“Moving towards a more responsible and efficient use of natural resources is key, not only to address resource scarcity, wastage, and the associated environmental effects, but also for incentivising innovation and modernisation towards a circular economy. Resource efficiency essentially means doing more with less, as it allows us to create more value using fewer natural resources. This transition can contribute to sustainable economic growth that generates welfare, while limiting harmful impacts on the environment and hence future generations.” Ángel Gurría, Secretary General, OECD (from Preface, Flachenecker & Rentschler, 2018)
The need for more resource efficient and circular economies
High and volatile resource prices, uncertain supply prospects, rising demand, and environmental impacts – various factors are putting increasing pressure on policy makers, researchers, firms, and investors to explore pathways towards sustainable and efficient resource management.
Moreover, rapid technological transitions that are changing our lives for the better are also adding to the challenge. The significant increase in renewable energy technologies such as solar power, the increasing proliferation of electric vehicles, and the rapid increase in smart-phone use are some of the trends that are improving people’s lives. Yet, while these developments are in line with the Sustainable Development Goals, they are also driving up demand for critical natural resources.

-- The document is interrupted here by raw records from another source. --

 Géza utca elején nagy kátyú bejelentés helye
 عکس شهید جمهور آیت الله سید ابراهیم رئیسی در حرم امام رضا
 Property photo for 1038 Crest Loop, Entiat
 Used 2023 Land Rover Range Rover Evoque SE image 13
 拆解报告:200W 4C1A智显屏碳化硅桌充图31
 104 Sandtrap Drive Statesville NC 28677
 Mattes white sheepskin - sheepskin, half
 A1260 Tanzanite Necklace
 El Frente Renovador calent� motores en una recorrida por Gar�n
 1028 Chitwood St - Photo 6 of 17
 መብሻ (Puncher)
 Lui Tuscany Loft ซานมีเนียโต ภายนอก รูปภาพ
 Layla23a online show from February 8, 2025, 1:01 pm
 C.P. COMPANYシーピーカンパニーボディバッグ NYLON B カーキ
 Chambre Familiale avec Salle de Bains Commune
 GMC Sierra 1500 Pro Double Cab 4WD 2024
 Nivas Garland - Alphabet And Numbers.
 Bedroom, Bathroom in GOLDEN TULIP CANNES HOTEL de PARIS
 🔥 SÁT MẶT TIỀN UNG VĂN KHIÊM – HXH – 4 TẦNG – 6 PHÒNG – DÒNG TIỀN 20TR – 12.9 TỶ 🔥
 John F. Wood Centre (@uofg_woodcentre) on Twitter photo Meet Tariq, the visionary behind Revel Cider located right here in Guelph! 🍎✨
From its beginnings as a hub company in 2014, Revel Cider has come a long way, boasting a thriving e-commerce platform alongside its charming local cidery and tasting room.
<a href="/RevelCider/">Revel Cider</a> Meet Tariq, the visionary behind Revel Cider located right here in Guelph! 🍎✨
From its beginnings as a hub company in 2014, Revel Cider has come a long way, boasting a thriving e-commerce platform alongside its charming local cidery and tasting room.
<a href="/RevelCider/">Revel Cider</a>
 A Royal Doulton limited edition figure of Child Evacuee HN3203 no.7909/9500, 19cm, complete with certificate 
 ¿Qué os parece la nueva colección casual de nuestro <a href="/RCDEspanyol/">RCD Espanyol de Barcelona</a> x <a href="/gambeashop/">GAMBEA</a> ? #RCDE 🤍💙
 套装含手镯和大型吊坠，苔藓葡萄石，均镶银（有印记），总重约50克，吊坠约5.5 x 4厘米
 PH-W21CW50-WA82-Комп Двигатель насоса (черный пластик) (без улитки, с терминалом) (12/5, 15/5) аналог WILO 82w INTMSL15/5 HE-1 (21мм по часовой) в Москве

And yet, while resource efficiency investments could yield both economic and environmental benefits, global resource efficiency has increased by a mere 1% per year over the past three decades. This is insufficient to counterbalance ever increasing resource demand. Even declared champions of the resource efficiency agenda, including the European Union, have yet to deliver on their ambitious goals. Overall, despite high-level attempts to mainstream the resource efficiency agenda, policy measures still lack a coherent, systematic approach and large-scale implementation.